Provided data =>
+++

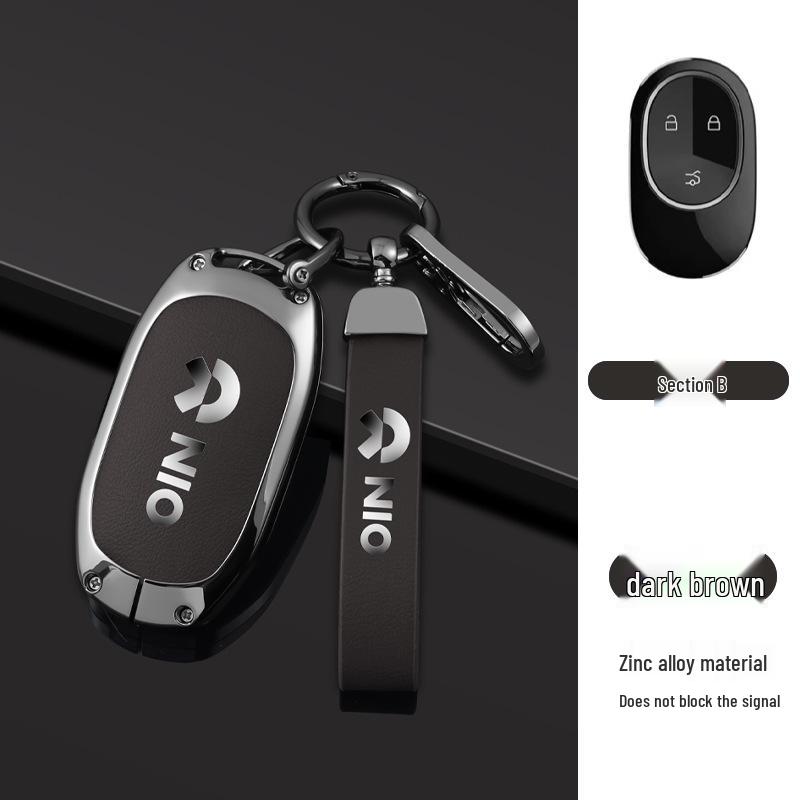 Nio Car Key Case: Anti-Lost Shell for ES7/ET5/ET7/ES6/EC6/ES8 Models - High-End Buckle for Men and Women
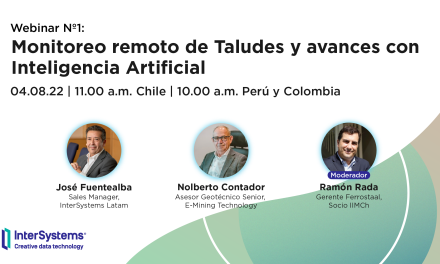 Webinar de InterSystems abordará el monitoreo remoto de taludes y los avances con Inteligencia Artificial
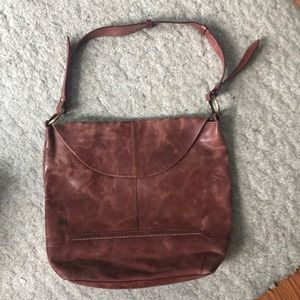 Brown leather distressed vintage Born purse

+++

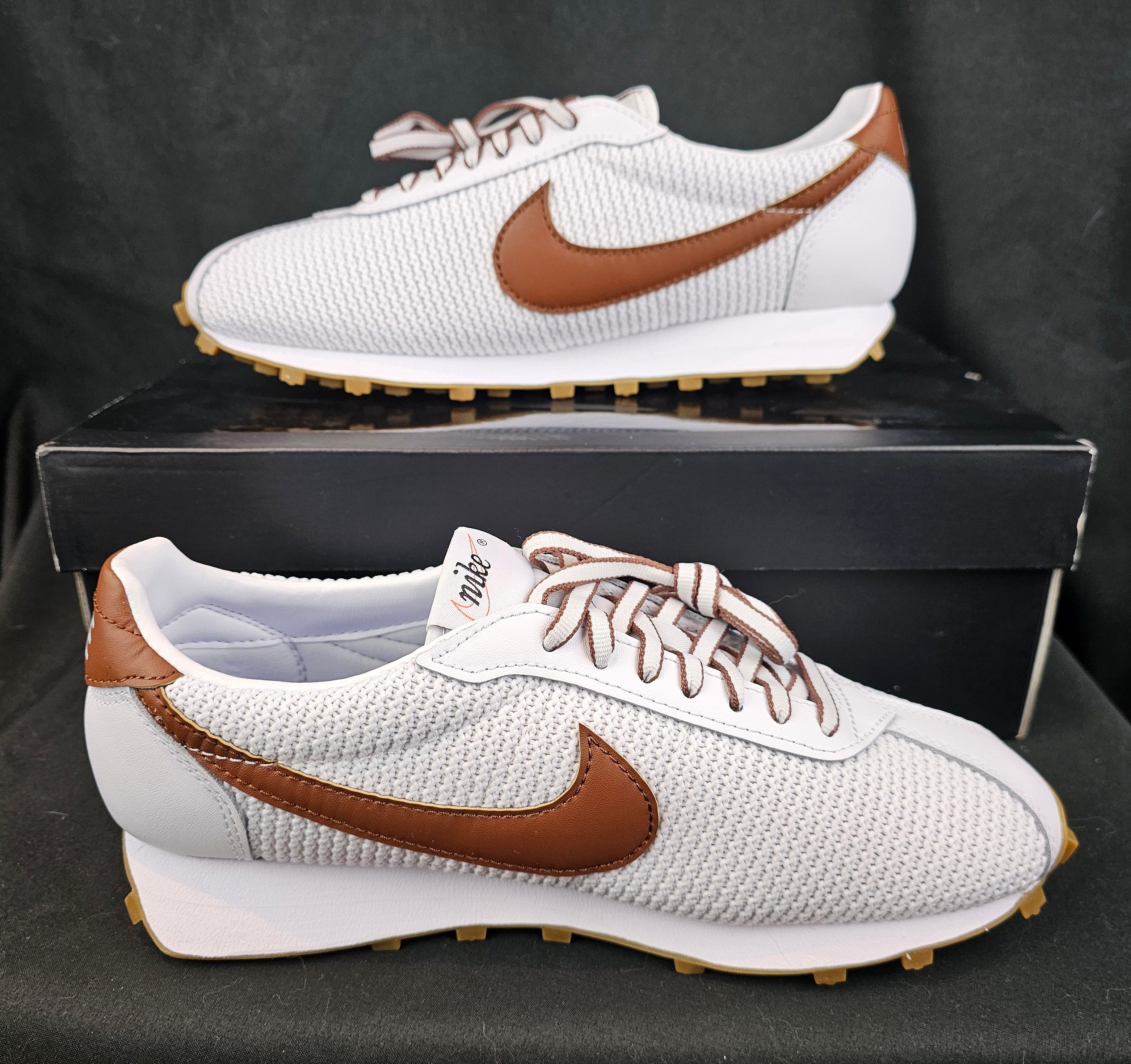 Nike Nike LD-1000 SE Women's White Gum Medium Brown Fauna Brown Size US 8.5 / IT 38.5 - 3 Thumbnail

+++

Task prompt => Restate word for word the lines of the data above that begin at the line with "Nio Car Key" and end at the line with "Brown leather distressed vintage Born purse", keeping both ends and dropping every picture.

Answer section =>
 Nio Car Key Case: Anti-Lost Shell for ES7/ET5/ET7/ES6/EC6/ES8 Models - High-End Buckle for Men and Women
 Webinar de InterSystems abordará el monitoreo remoto de taludes y los avances con Inteligencia Artificial
 Brown leather distressed vintage Born purse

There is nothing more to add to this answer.